This is a struggle record of knocking 100 eggs without knowing the data scientist's egg. It is a mystery whether I can finish the race. ~~ Even if it disappears on the way, please think that it is not given to Qiita. ~~
100 knock articles 100 Knock Guide
** Be careful if you are trying to do it as it includes spoilers **
I'm scared because the way to write the model answer is too different
This is hard to see! This way of writing is dangerous! If you have any questions, please let me know. ~~ I will use it as food while suffering damage to my heart.
This solution is wrong! This interpretation is different! Please comment if you have any.
This time from 41 to 44. [Last time] 36-40 [First time with table of contents]

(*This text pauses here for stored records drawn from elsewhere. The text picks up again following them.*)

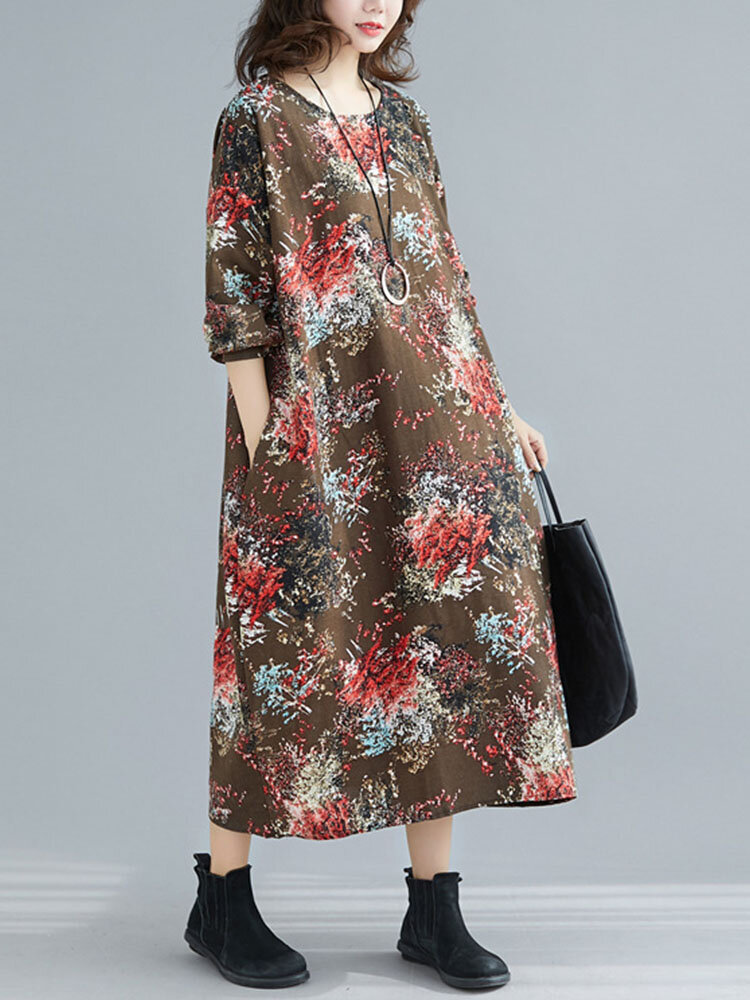 Flower Loose Pocket Long Sleeve Plus Size Vintage Dress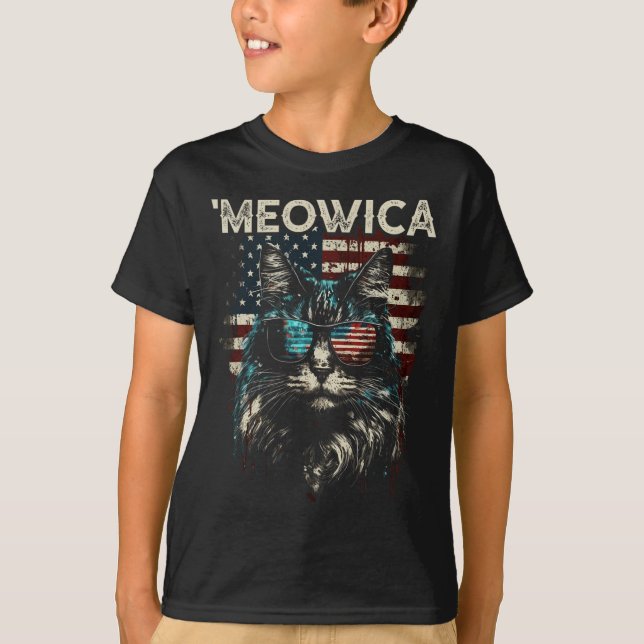Merica Patriotisk Maine Coon Katt  T Shirt (Framsida)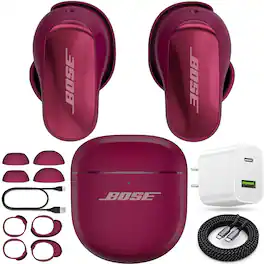 Bundle - Bose - QuietComfort Ultra Earbuds 2nd Gen Wireless Headphones Power - Deep Plum
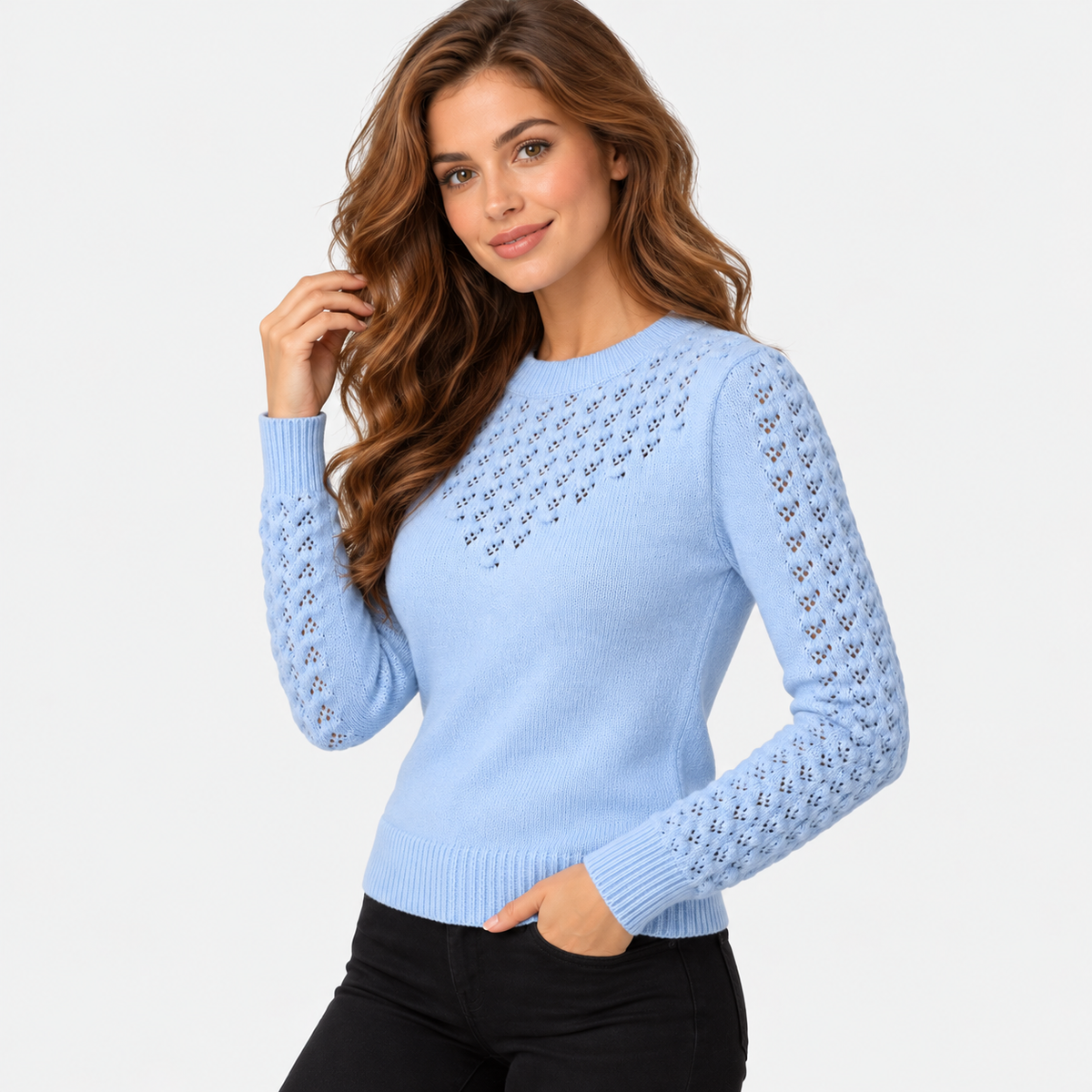Montviro | Women's Cropped Knit Sweater with Hollow Out Design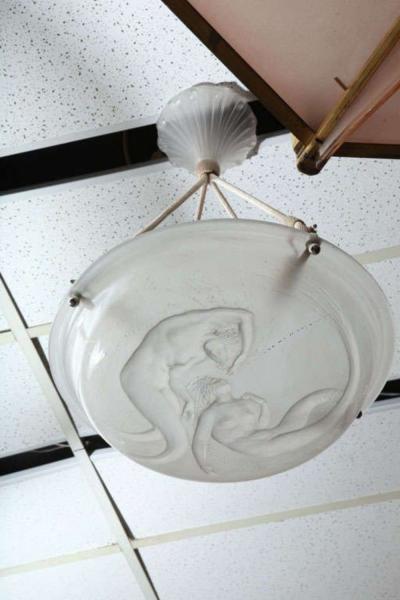 Rare R Lalique Chandelier Deux Sirenes 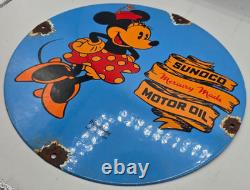 VINTAGE GENUINE Minnie Mouse Sunco PORCELAIN SIGN PUMP PLATE GAS STATION OIL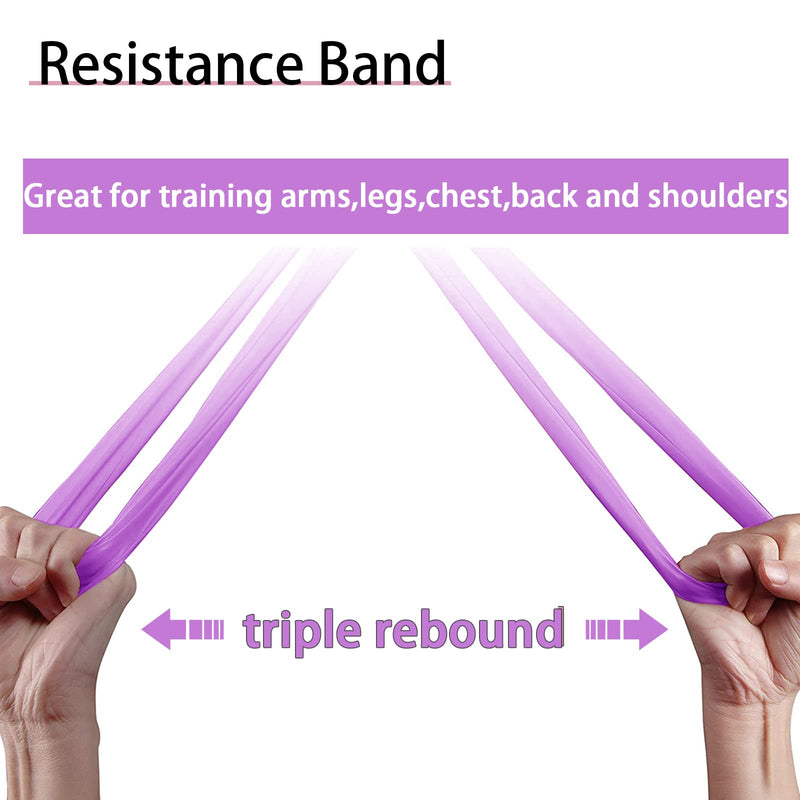 PROIRON Latex-Free Resistance Bands, Exercise Bands for Strength Training, Yoga, Pilates, Stretching, Home Gym Workout, Upper Lower Body, Light Medium Heavy b-Purple/2m/20lb - NewNest Australia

P-041: Aggregate the sales amount (amount) of the receipt detail data frame (df_receipt) for each date (sales_ymd), and calculate the increase or decrease in the sales amount from the previous day. It is sufficient to display 10 calculation results.
mine41.py
df_day=df_receipt.groupby('sales_ymd').agg({'amount':'sum'}).reset_index()
df_Yday=pd.concat([df_day['sales_ymd']+1,df_day['amount']],axis=1).rename(columns={'amount': 'Y_amount'})
df=pd.merge(df_day.head(10),df_Yday,on='sales_ymd',how='outer')
df['sa']=df['amount']-df['Y_amount']
df.head(10)
'''Model answer'''
df_sales_amount_by_date = df_receipt[['sales_ymd', 'amount']].groupby('sales_ymd').sum().reset_index()
df_sales_amount_by_date = pd.concat([df_sales_amount_by_date, df_sales_amount_by_date.shift()], axis=1)
df_sales_amount_by_date.columns = ['sales_ymd','amount','lag_ymd','lag_amount']
df_sales_amount_by_date['diff_amount'] = df_sales_amount_by_date['amount'] - df_sales_amount_by_date['lag_amount']
df_sales_amount_by_date.head(10)
It is a total of one day shift As my method
df_Y
[date (one day later), aggregate]I made it as. I don't think this is wrong, but I thought it would be better to pull from the table date instead of "1 day".
――For example, if there is a shop closed on Saturdays and Sundays, the date will fly
After seeing the model answer, If you find out how to use .shift ()
I thought it would be very easy, so I will use it from the next problem. It was to be
P-042: Aggregate the sales amount (amount) of the receipt detail data frame (df_receipt) for each date (sales_ymd), and combine the data of 1 day ago, 2 days ago, and 3 days ago with the data of each date. Only 10 results should be displayed.
mine42.py
df_day=df_receipt.groupby('sales_ymd').agg({'amount':'sum'})
df=df_day
for i in range(1,4):
df=pd.merge( df,df_day.shift(i).reset_index(),how='outer',on='sales_ymd')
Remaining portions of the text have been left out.